→ **What you should do**
Gather every line from the entries below that includes "Kitchen".

##############################

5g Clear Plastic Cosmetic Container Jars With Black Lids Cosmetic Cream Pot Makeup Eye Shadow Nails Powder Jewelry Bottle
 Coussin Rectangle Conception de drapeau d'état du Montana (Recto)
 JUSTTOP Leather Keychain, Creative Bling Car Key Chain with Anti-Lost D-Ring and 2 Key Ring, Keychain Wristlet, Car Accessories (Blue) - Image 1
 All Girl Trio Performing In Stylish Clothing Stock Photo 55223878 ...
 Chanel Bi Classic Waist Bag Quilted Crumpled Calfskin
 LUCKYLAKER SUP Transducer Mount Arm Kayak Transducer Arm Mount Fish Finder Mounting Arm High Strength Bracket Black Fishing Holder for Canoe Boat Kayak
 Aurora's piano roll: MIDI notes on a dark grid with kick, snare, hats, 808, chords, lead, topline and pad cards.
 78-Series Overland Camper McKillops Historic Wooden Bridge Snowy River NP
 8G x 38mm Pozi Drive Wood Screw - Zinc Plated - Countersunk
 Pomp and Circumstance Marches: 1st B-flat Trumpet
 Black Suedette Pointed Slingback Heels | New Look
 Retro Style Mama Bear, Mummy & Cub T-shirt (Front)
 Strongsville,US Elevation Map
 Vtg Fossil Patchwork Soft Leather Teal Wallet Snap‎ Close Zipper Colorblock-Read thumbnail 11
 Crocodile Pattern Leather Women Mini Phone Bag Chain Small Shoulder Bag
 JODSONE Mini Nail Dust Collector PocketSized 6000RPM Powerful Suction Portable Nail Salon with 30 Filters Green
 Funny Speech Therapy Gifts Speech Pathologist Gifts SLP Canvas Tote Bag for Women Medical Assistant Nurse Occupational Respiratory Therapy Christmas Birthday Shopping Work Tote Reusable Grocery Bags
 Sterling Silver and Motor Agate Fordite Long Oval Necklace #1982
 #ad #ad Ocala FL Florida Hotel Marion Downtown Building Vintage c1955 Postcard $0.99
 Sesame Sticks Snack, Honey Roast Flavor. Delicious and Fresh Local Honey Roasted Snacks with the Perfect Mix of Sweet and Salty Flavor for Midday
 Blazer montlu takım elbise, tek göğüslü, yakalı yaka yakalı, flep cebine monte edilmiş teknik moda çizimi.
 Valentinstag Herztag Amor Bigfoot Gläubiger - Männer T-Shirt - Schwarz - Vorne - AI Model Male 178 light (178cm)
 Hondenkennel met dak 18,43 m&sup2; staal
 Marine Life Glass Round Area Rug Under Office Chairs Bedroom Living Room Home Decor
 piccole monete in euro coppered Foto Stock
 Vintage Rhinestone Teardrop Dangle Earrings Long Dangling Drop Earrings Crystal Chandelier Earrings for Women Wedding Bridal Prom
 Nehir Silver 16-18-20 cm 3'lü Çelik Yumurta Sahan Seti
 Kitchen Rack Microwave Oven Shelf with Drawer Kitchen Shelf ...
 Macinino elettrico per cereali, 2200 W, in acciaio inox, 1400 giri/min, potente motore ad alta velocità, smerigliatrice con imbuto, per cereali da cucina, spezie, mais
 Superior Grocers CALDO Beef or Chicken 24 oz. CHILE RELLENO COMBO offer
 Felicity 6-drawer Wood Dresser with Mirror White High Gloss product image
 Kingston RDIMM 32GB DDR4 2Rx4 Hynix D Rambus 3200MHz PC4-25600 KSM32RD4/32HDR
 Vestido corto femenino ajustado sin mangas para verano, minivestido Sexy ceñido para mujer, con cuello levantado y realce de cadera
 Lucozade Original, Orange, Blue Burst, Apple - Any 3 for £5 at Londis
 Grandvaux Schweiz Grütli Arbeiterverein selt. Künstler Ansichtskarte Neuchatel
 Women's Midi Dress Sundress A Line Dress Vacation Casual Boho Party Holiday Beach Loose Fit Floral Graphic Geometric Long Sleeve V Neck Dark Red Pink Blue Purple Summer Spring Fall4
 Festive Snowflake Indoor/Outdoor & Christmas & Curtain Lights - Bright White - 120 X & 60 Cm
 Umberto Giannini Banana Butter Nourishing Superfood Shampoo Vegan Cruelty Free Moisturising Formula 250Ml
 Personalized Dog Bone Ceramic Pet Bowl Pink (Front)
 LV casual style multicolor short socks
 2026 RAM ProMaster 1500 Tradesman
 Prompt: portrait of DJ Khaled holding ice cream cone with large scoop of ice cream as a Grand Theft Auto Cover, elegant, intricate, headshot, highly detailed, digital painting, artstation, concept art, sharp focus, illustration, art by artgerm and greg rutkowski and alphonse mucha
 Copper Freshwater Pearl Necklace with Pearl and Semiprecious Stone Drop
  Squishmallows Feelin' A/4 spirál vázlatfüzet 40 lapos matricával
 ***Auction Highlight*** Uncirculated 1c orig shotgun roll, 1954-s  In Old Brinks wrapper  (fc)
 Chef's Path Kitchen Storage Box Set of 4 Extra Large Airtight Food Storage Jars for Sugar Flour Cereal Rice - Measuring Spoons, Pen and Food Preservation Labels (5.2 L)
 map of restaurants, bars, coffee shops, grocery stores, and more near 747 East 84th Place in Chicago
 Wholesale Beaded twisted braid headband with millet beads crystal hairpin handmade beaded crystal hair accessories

##############################

→ **Written solution**
 Kitchen Rack Microwave Oven Shelf with Drawer Kitchen Shelf ...
 Chef's Path Kitchen Storage Box Set of 4 Extra Large Airtight Food Storage Jars for Sugar Flour Cereal Rice - Measuring Spoons, Pen and Food Preservation Labels (5.2 L)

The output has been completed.